While challenges persist, the industry’s resilience and adaptability are expected to drive continued growth in the coming months. FADA’s insights and regular updates will play a crucial role in keeping stakeholders informed about the evolving dynamics of the automobile retail industry in India.


What is FADA?

FADA stands for the Federation of Automobile Dealers Associations, which is the apex national body of the Automobile Retail Industry in India.

How much did retail auto sales grow in July?

Retail auto sales experienced a remarkable 10% growth in July compared to the previous year.

Which vehicle categories witnessed positive growth in July?

All categories, including two-wheelers, three-wheelers, Passenger Vehicles, Tractors, and Commercial Vehicles, witnessed positive growth in July.

What was the growth rate of three-wheelers in July?

Three-wheelers recorded an all-time high sales growth of 74% Year-on-Year in July.

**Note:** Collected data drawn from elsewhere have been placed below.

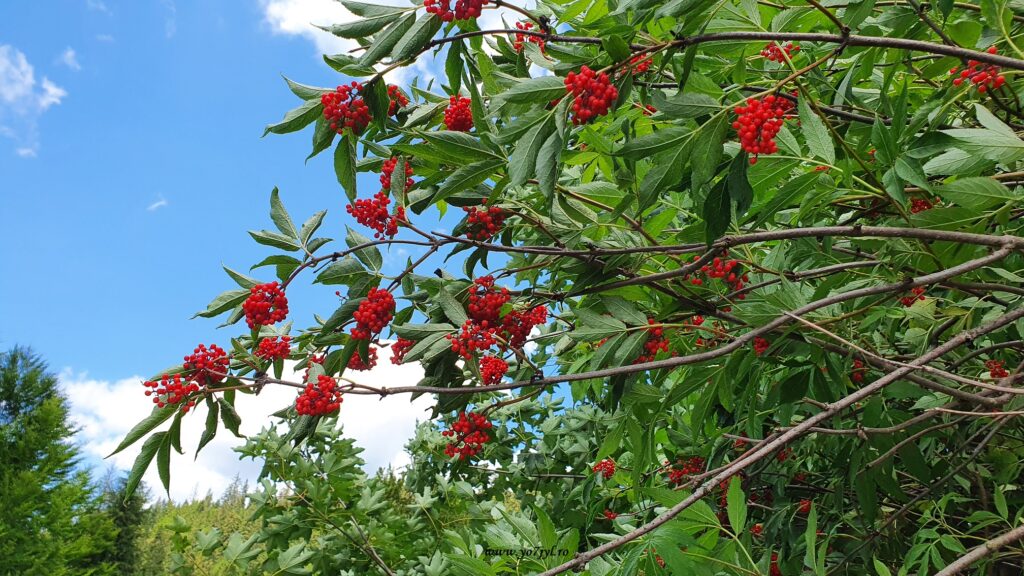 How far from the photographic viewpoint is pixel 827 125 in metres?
1.74

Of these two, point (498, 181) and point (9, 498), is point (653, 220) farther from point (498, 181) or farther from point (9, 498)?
point (9, 498)

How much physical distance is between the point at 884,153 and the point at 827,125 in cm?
18

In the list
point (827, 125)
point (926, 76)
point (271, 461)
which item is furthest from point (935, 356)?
point (271, 461)

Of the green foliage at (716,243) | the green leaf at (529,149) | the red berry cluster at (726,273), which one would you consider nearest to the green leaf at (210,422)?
the green foliage at (716,243)

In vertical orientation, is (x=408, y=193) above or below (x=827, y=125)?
above

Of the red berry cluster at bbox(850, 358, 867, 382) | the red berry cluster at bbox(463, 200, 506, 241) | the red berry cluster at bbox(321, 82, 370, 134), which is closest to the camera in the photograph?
the red berry cluster at bbox(321, 82, 370, 134)

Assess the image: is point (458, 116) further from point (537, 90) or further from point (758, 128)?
point (758, 128)

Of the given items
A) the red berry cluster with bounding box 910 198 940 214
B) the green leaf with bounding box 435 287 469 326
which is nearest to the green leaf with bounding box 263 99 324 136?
the green leaf with bounding box 435 287 469 326

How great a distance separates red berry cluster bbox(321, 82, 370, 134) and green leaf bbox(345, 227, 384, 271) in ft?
1.08

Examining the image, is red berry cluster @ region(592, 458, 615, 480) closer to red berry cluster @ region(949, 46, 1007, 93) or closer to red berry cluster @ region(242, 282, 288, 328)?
red berry cluster @ region(242, 282, 288, 328)

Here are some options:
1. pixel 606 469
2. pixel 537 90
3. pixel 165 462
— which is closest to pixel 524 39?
pixel 537 90

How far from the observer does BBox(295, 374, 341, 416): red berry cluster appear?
1.82 metres

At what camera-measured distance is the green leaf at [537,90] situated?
1.44 m

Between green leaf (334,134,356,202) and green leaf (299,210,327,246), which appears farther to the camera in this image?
green leaf (299,210,327,246) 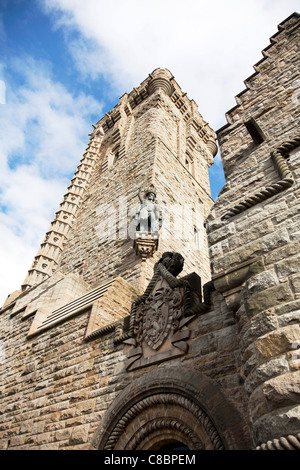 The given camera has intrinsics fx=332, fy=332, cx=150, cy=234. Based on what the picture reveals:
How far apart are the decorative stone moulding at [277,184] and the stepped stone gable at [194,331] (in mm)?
13

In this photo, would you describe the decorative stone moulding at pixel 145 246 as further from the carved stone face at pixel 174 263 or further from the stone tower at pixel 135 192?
the carved stone face at pixel 174 263

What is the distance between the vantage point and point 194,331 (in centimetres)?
420

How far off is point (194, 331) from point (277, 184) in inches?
80.4

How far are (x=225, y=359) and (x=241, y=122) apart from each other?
3702 mm

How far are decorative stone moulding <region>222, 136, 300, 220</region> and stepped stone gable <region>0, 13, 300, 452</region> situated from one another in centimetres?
1

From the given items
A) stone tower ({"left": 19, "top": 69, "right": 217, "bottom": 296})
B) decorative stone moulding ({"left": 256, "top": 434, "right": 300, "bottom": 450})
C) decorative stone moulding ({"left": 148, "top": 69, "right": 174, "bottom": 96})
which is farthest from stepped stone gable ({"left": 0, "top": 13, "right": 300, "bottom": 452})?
decorative stone moulding ({"left": 148, "top": 69, "right": 174, "bottom": 96})

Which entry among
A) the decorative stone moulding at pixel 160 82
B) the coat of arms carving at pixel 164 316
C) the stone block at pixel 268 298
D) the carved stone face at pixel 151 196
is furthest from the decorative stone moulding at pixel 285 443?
the decorative stone moulding at pixel 160 82

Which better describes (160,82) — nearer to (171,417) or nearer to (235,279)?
(235,279)

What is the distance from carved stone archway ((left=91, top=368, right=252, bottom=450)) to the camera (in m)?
3.20

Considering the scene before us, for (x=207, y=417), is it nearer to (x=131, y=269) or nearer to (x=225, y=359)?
(x=225, y=359)

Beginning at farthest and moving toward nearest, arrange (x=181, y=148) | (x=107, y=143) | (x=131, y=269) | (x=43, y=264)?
(x=107, y=143), (x=181, y=148), (x=43, y=264), (x=131, y=269)

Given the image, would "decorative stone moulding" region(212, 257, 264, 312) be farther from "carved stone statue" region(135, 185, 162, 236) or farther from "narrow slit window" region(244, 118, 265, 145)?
"carved stone statue" region(135, 185, 162, 236)

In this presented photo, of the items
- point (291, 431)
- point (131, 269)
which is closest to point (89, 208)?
point (131, 269)

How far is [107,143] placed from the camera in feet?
65.2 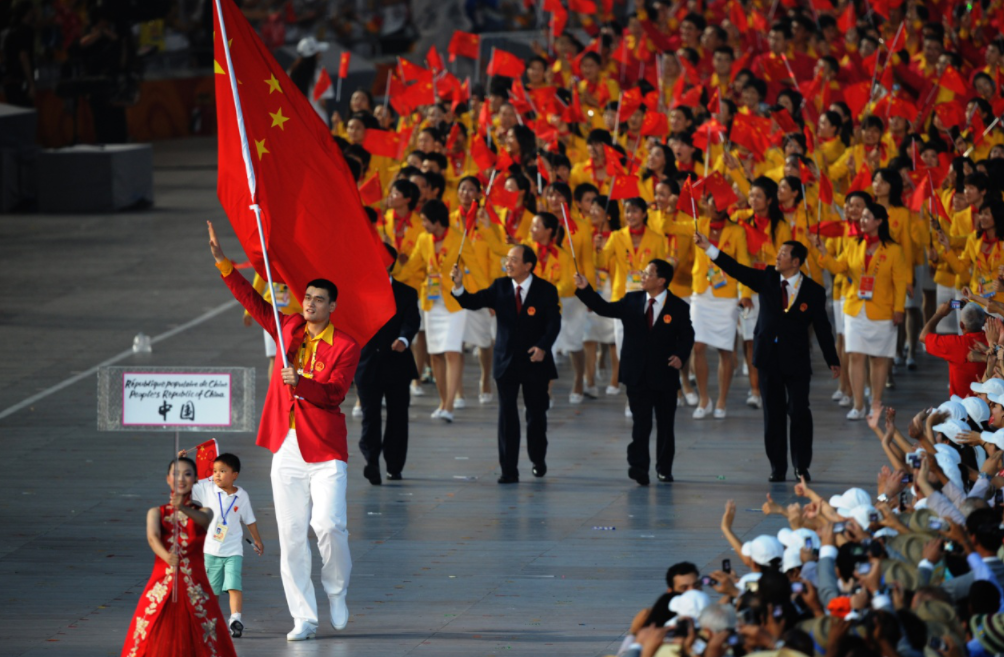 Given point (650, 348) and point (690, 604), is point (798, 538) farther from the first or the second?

Why did the month-on-month trend show a decline despite Year-on-Year growth?

While the Year-on-Year growth was positive, the month-on-month trend observed a 5% decline, indicating short-term challenges in the industry.

How has the shift towards Electric Vehicles impacted the industry?

The rising preference for Electric Vehicles due to high fuel prices has led to increased inventory days for Passenger Vehicles, impacting dealers’ cash flow.